| Information given |

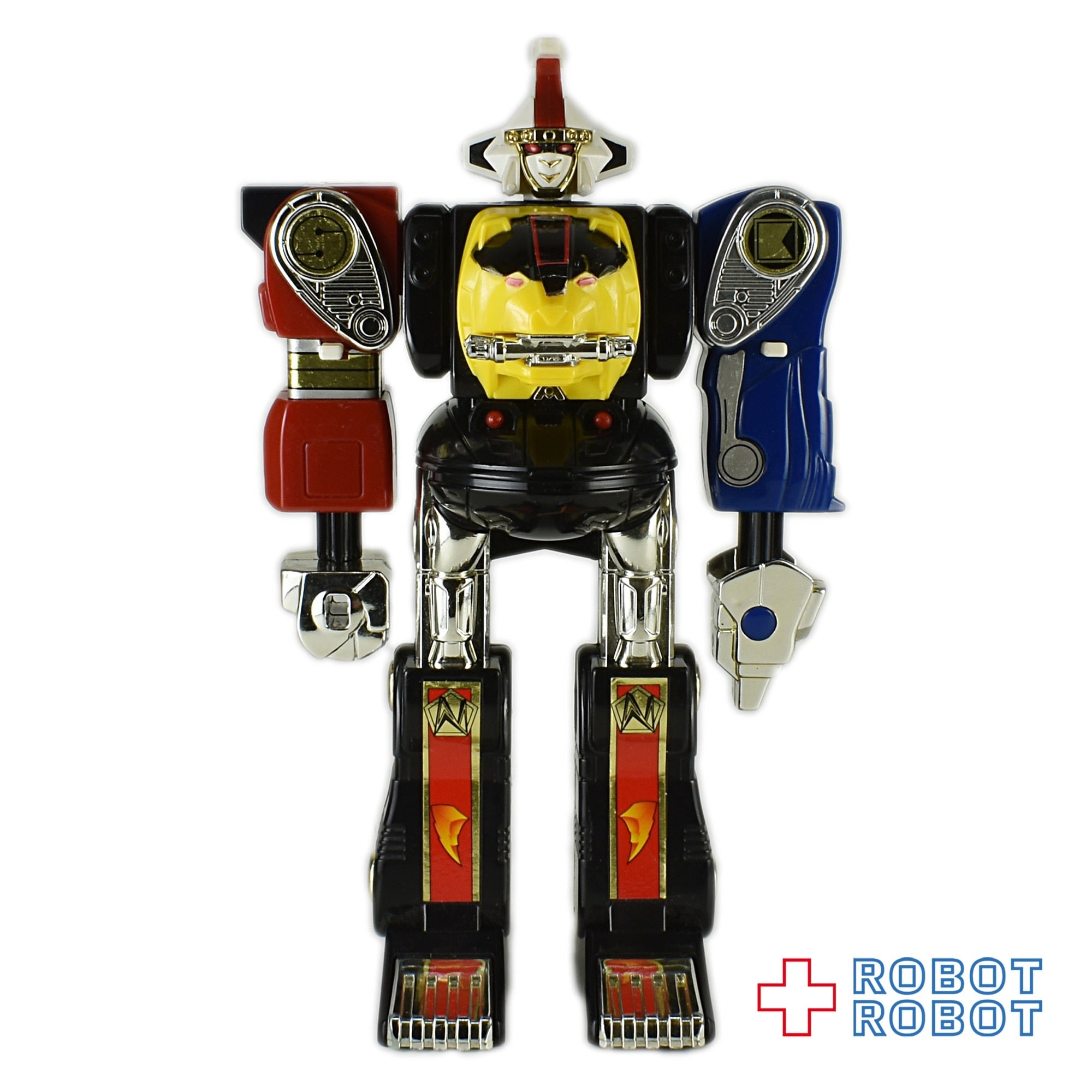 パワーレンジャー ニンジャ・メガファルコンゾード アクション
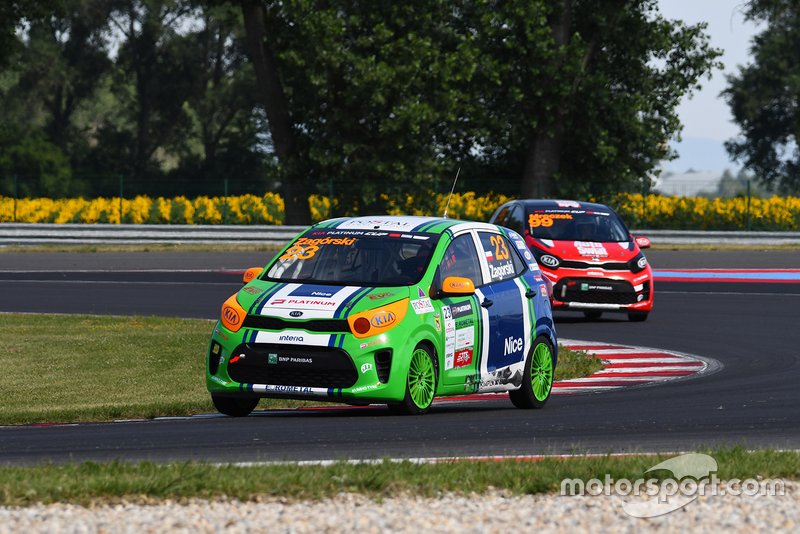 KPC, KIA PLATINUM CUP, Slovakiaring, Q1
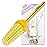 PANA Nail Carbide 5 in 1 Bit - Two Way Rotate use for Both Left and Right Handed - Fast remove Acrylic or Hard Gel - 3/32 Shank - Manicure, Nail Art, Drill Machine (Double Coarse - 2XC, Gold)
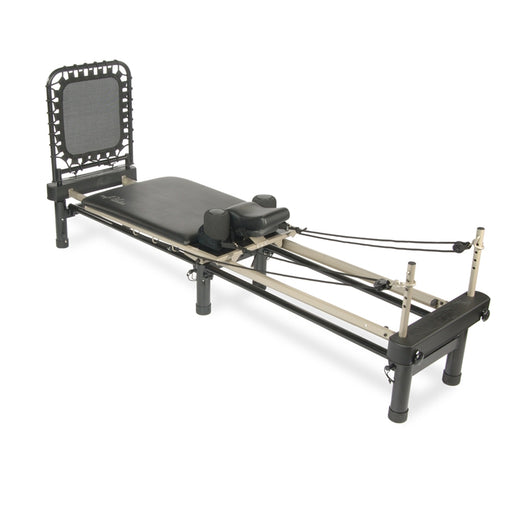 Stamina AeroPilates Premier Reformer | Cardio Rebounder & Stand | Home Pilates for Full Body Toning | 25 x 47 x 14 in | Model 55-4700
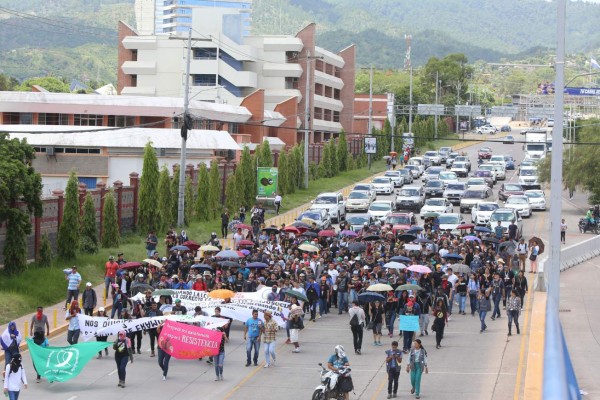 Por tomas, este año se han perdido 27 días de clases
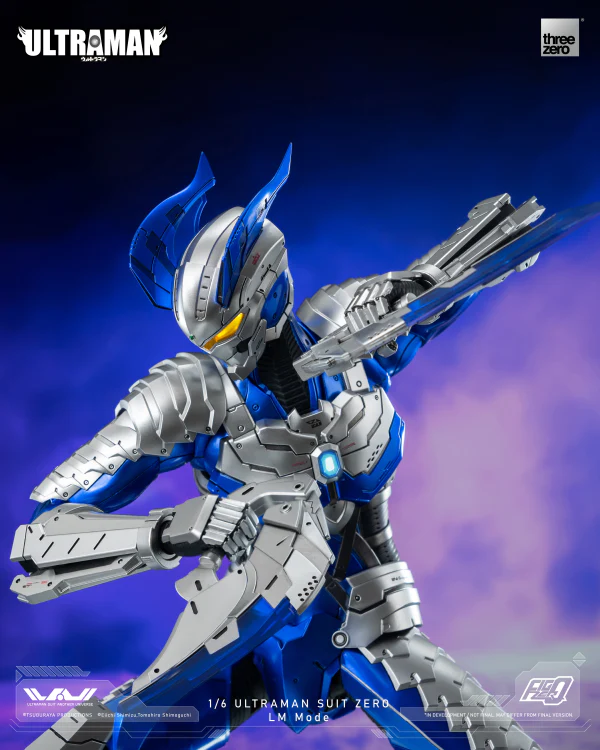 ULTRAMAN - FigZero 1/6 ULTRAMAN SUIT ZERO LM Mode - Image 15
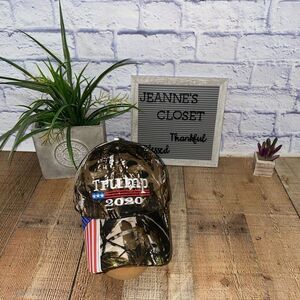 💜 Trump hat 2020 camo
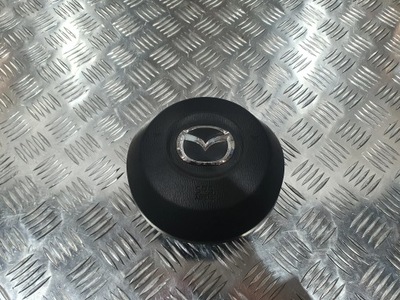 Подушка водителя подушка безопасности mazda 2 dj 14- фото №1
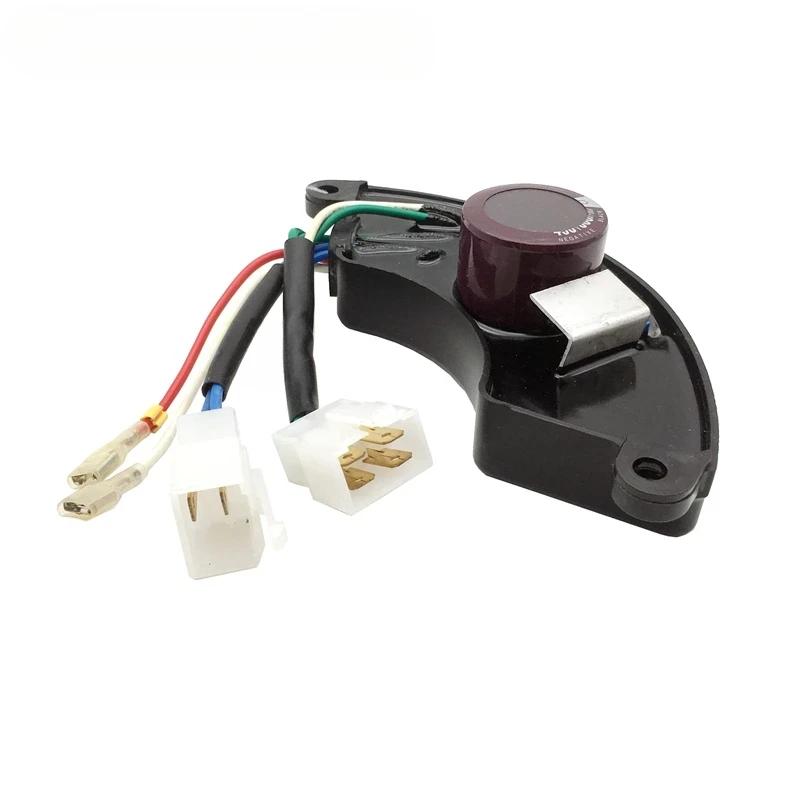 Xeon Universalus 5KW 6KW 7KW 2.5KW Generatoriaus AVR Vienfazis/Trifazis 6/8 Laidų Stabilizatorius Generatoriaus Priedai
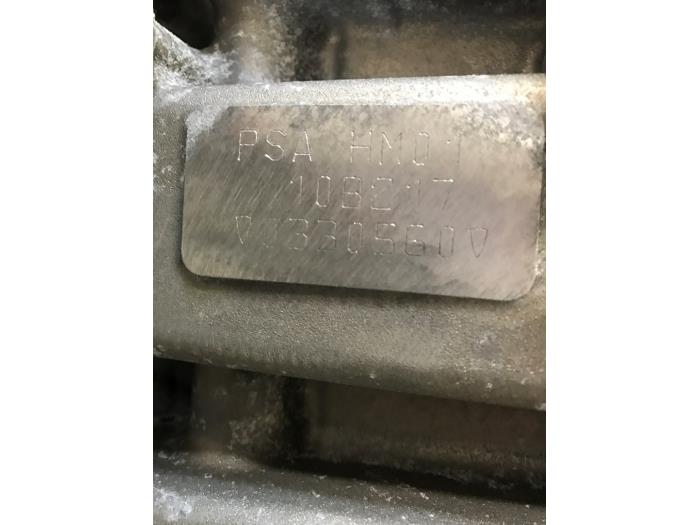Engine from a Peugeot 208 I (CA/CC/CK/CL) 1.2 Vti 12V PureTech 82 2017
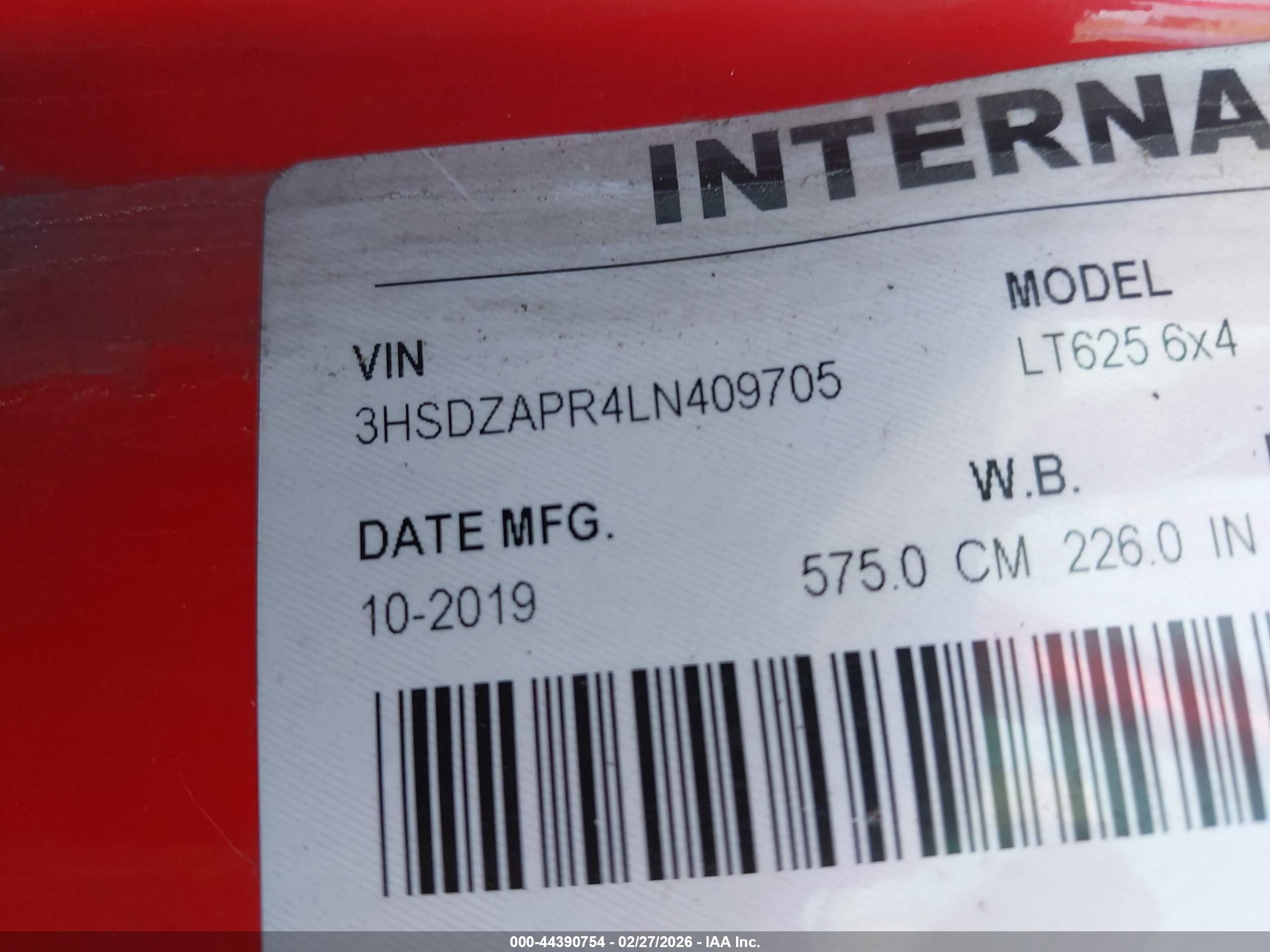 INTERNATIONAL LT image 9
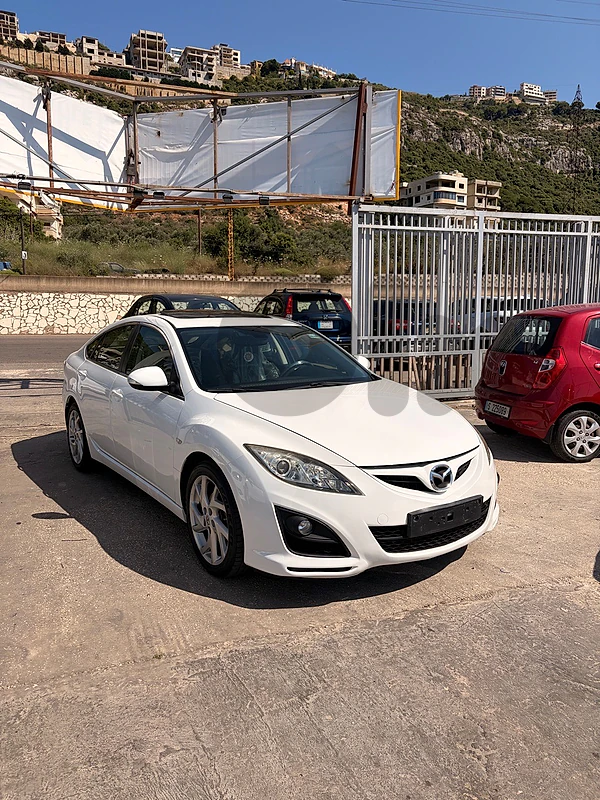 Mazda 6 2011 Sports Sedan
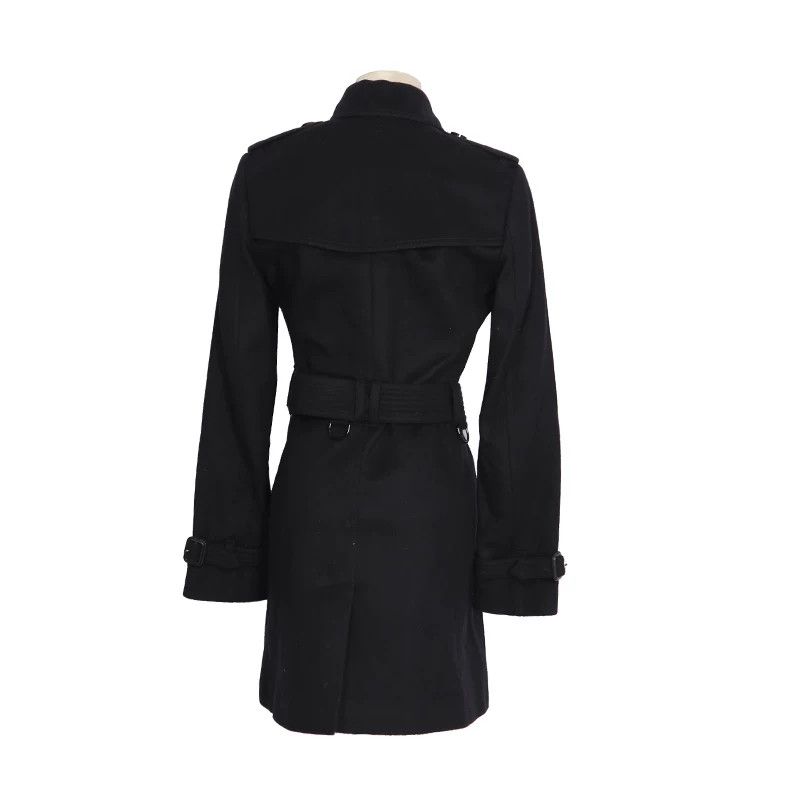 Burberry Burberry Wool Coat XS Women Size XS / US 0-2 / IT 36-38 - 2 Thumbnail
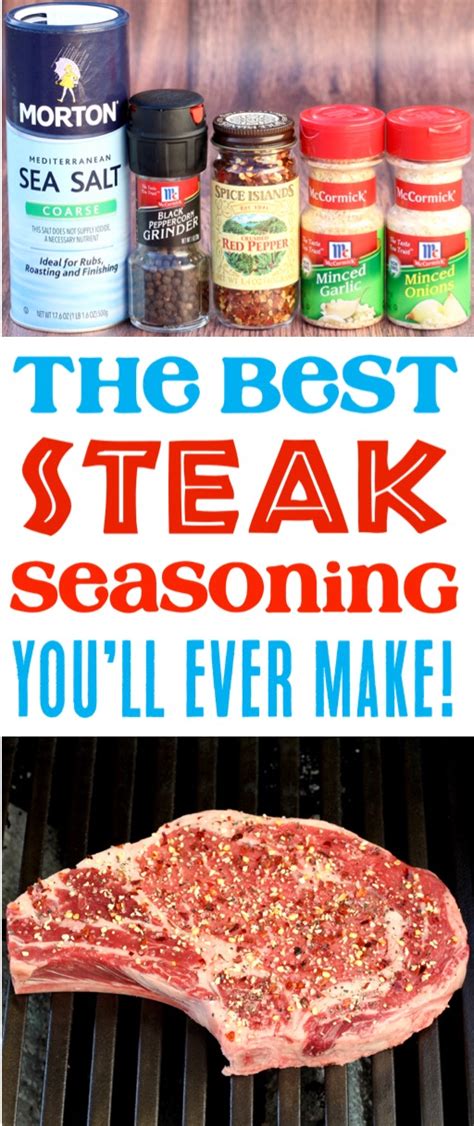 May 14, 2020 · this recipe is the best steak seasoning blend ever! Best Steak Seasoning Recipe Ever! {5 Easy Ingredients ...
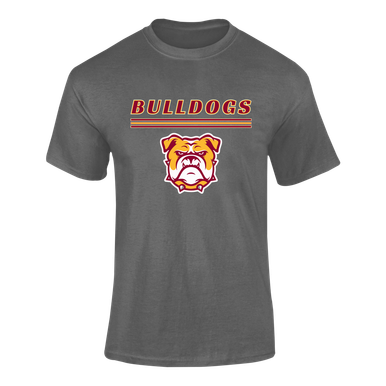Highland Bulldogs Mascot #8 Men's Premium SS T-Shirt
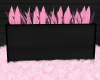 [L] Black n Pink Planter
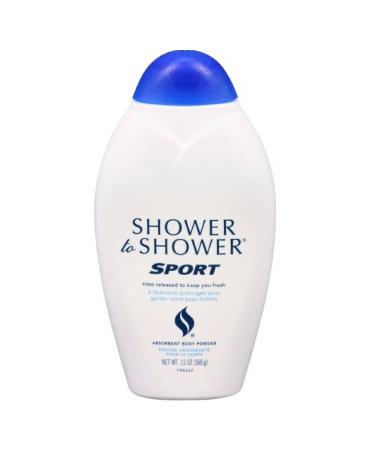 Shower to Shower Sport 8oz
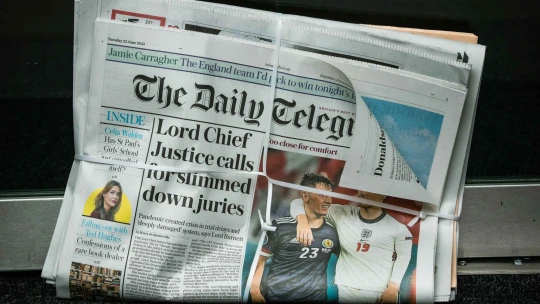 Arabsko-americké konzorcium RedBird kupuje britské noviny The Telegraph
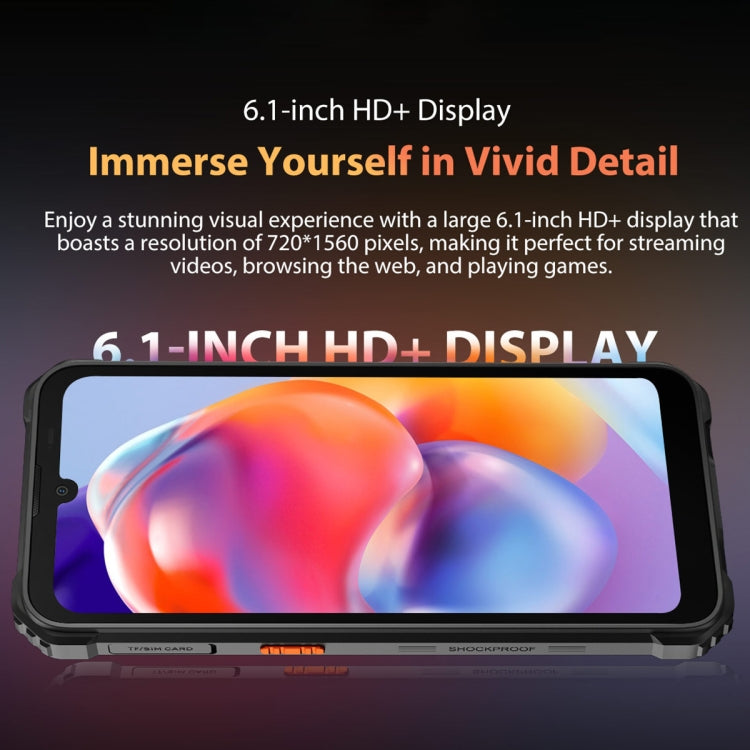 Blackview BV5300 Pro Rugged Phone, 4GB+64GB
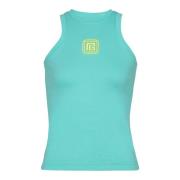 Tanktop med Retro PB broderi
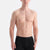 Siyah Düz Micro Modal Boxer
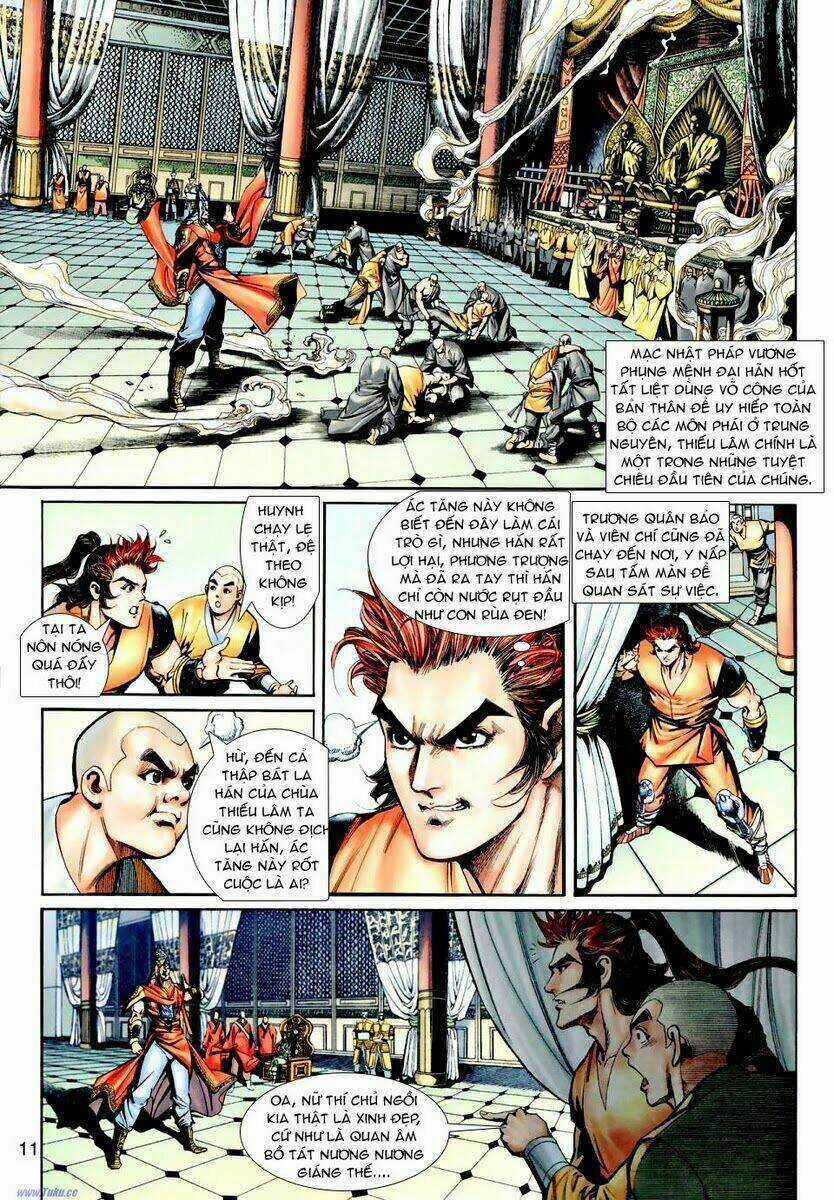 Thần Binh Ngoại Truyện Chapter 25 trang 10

| What you have to do |
Restate the entries above word for word, and keep the pictures out.

| Your solution |
 パワーレンジャー ニンジャ・メガファルコンゾード アクション
 KPC, KIA PLATINUM CUP, Slovakiaring, Q1
 PANA Nail Carbide 5 in 1 Bit - Two Way Rotate use for Both Left and Right Handed - Fast remove Acrylic or Hard Gel - 3/32 Shank - Manicure, Nail Art, Drill Machine (Double Coarse - 2XC, Gold)
 Stamina AeroPilates Premier Reformer | Cardio Rebounder & Stand | Home Pilates for Full Body Toning | 25 x 47 x 14 in | Model 55-4700
 Por tomas, este año se han perdido 27 días de clases
 ULTRAMAN - FigZero 1/6 ULTRAMAN SUIT ZERO LM Mode - Image 15
 💜 Trump hat 2020 camo
 Подушка водителя подушка безопасности mazda 2 dj 14- фото №1
 Xeon Universalus 5KW 6KW 7KW 2.5KW Generatoriaus AVR Vienfazis/Trifazis 6/8 Laidų Stabilizatorius Generatoriaus Priedai
Engine from a Peugeot 208 I (CA/CC/CK/CL) 1.2 Vti 12V PureTech 82 2017
 INTERNATIONAL LT image 9
 Mazda 6 2011 Sports Sedan
 Burberry Burberry Wool Coat XS Women Size XS / US 0-2 / IT 36-38 - 2 Thumbnail
 May 14, 2020 · this recipe is the best steak seasoning blend ever! Best Steak Seasoning Recipe Ever! {5 Easy Ingredients ...
Highland Bulldogs Mascot #8 Men's Premium SS T-Shirt
 [L] Black n Pink Planter
 Shower to Shower Sport 8oz
 Arabsko-americké konzorcium RedBird kupuje britské noviny The Telegraph
 Blackview BV5300 Pro Rugged Phone, 4GB+64GB
 Tanktop med Retro PB broderi
 Siyah Düz Micro Modal Boxer
 Thần Binh Ngoại Truyện Chapter 25 trang 10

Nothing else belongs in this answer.